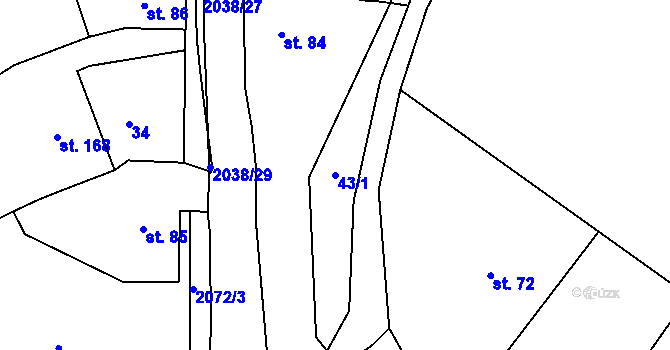 Parcela st. 43/1 v KÚ Merklín u Přeštic, Katastrální mapa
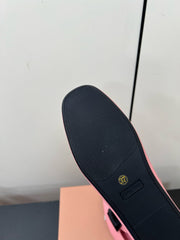 LOAFERS WITH BOW IN PINK SHEEPSKIN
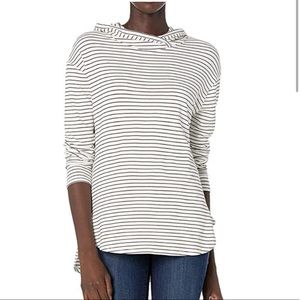 Daily Ritual White & Black Stripped Long Hoodie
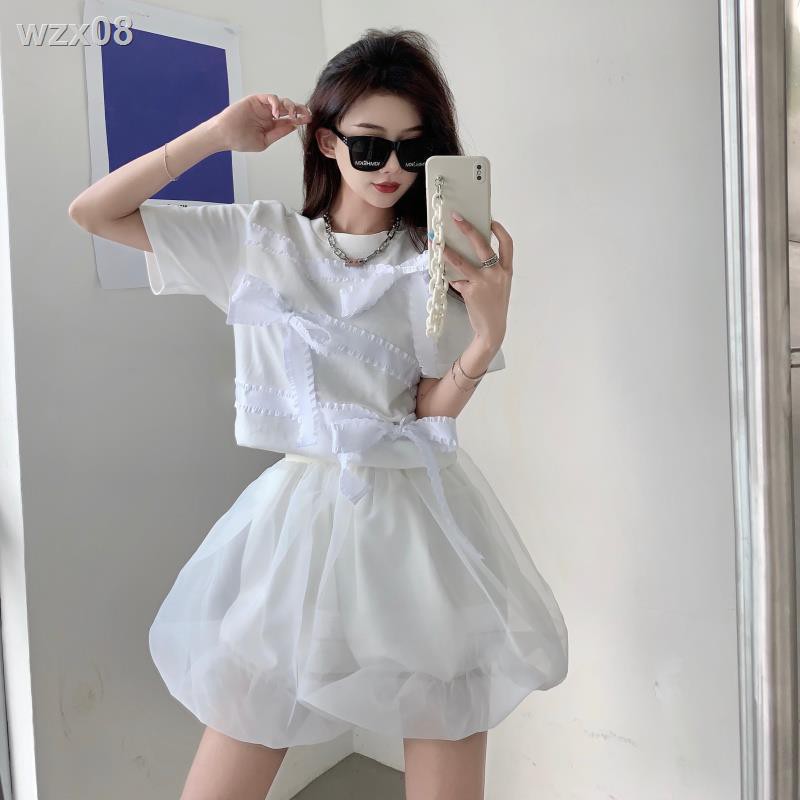 Áo blouse ngắn tay thắt nơ nữ xuân hè phong cách mới Phiên bản Hàn Quốc của sợi lưới thời trang là xu hướng váy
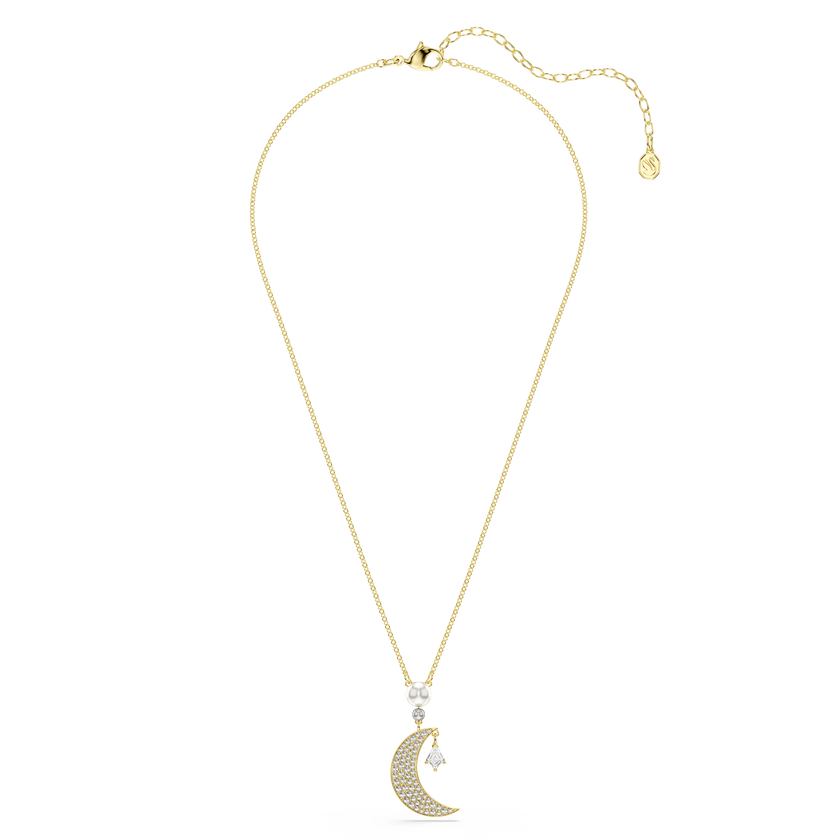 swarovski symbolica pendant  round cut  moon  white  18k gold finish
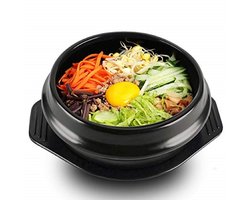 Dailygoods- Dolsot-kom grote aardewerk - Stenen pot - Bibimbap - Koken - Trivetset - Glanzend glazuur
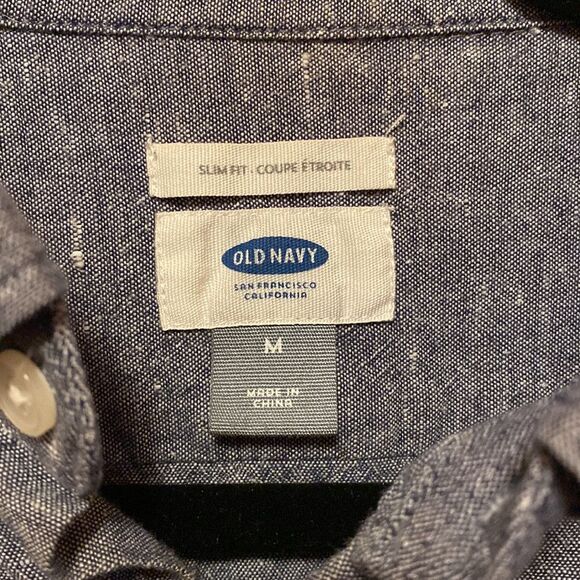 Old Navy Mens Slim Fit Blue Grey and Navy Stripe Button Down Shirt Medium - Picture 4 of 5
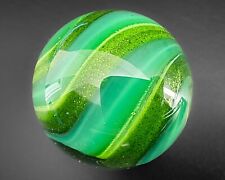 Joe Davis 1.57" Green Onionskin Aventurine Handblown Art Glass Marble for sale  Shipping to South Africa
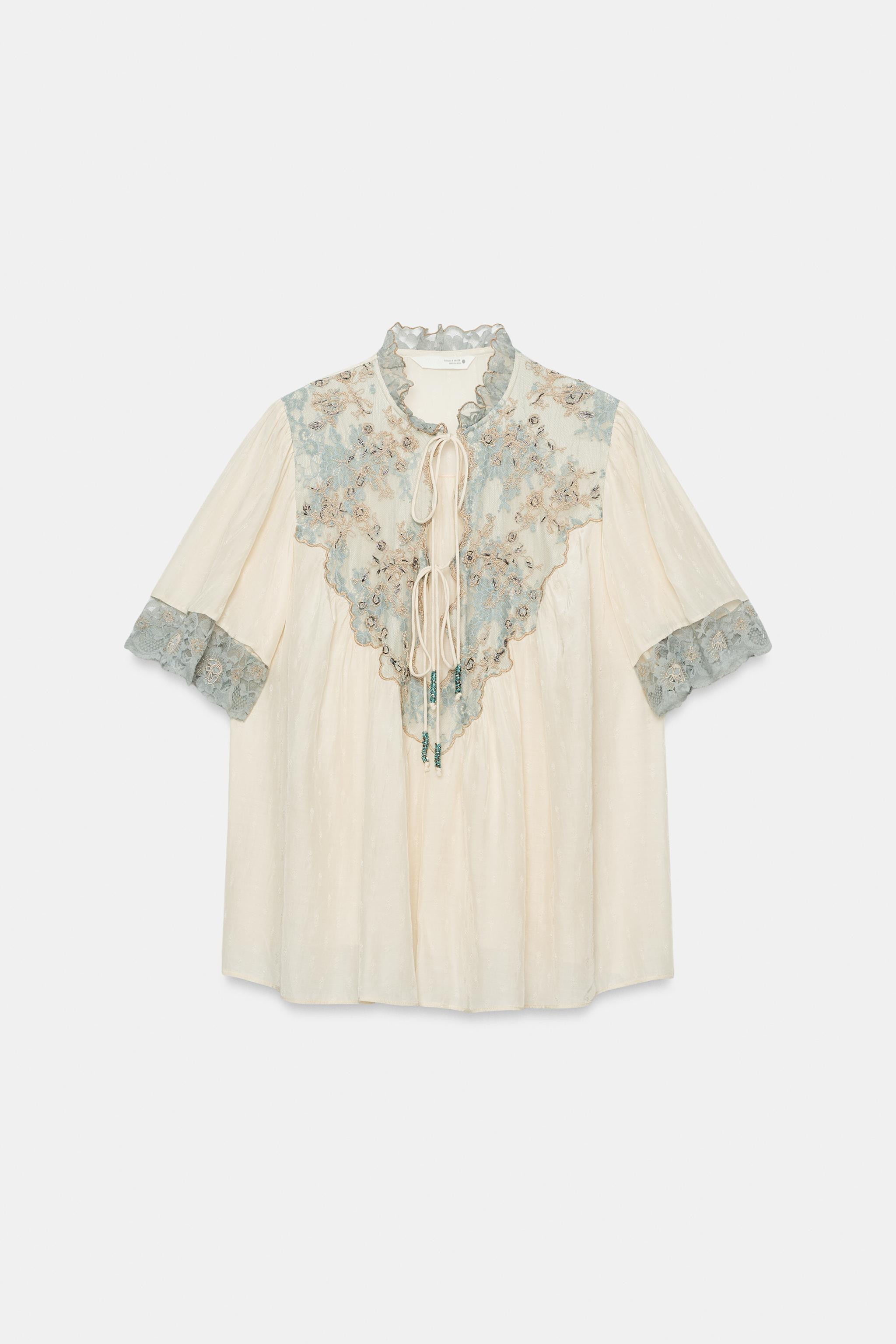 ZW COLLECTION LACE SHIRT | Zara US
^^^^^^^^
(DIRECTIONS FOR THIS TASK): After locating the line that holds "LOAFERS WITH BOW IN PINK SHEEPSKIN", output exactly the lines from it through the last line of the material above, inclusive, without pictures.

(TASK SOLUTION):
 LOAFERS WITH BOW IN PINK SHEEPSKIN
 Daily Ritual White & Black Stripped Long Hoodie
 Áo blouse ngắn tay thắt nơ nữ xuân hè phong cách mới Phiên bản Hàn Quốc của sợi lưới thời trang là xu hướng váy
 swarovski symbolica pendant  round cut  moon  white  18k gold finish
 Dailygoods- Dolsot-kom grote aardewerk - Stenen pot - Bibimbap - Koken - Trivetset - Glanzend glazuur
 Old Navy Mens Slim Fit Blue Grey and Navy Stripe Button Down Shirt Medium - Picture 4 of 5
 Joe Davis 1.57" Green Onionskin Aventurine Handblown Art Glass Marble for sale  Shipping to South Africa
 ZW COLLECTION LACE SHIRT | Zara US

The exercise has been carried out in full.